* Source material:

++++++++++++++++++++

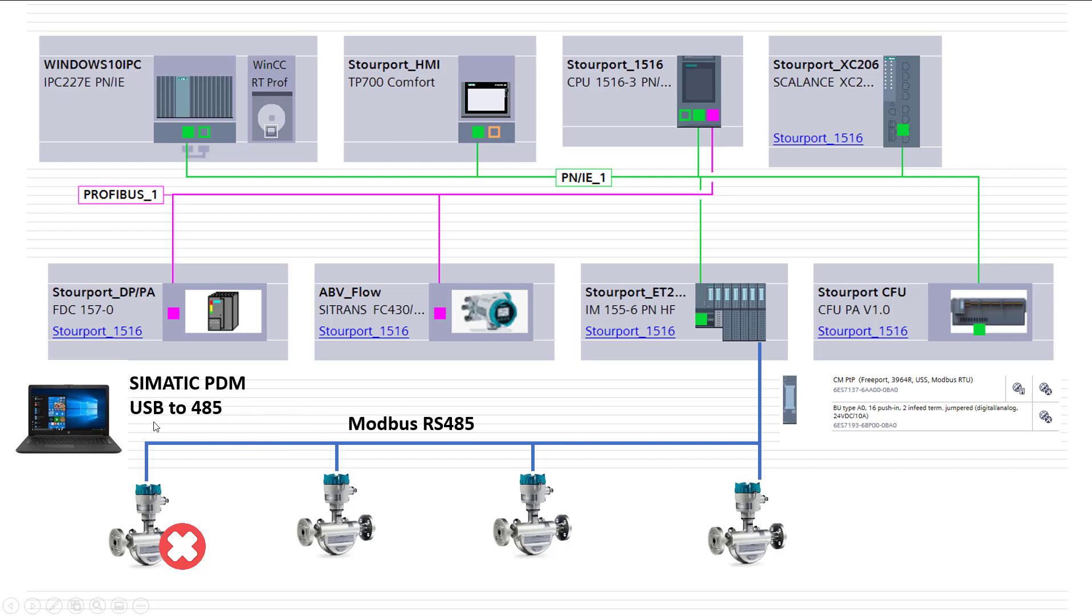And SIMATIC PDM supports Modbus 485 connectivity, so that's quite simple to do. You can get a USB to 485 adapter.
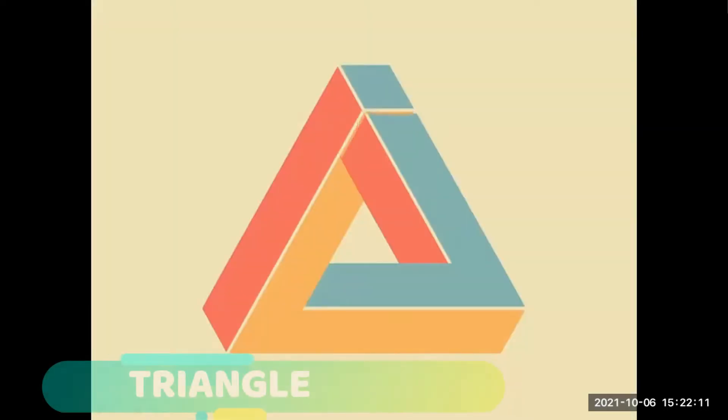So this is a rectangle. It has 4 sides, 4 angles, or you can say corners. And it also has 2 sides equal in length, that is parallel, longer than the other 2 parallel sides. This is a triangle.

++++++++++++++++++++

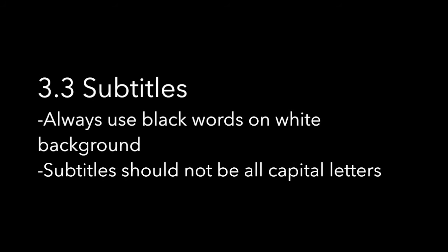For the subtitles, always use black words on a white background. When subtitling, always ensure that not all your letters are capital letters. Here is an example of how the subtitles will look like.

++++++++++++++++++++

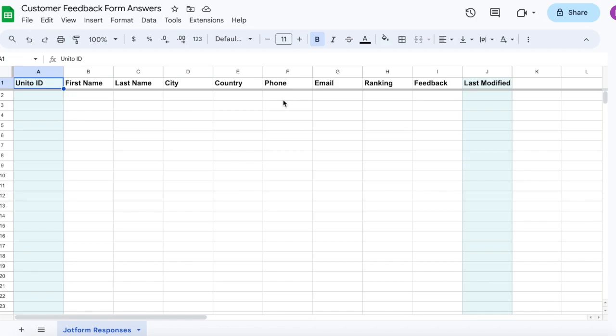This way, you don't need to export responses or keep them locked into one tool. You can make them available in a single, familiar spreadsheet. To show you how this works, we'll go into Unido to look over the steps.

++++++++++++++++++++

* Work instructions: From the line holding "And SIMATIC PDM" to the line holding "So this is a", both included, retype the entries above exactly and drop the pictures.

* Written answer:
And SIMATIC PDM supports Modbus 485 connectivity, so that's quite simple to do. You can get a USB to 485 adapter.
So this is a rectangle. It has 4 sides, 4 angles, or you can say corners. And it also has 2 sides equal in length, that is parallel, longer than the other 2 parallel sides. This is a triangle.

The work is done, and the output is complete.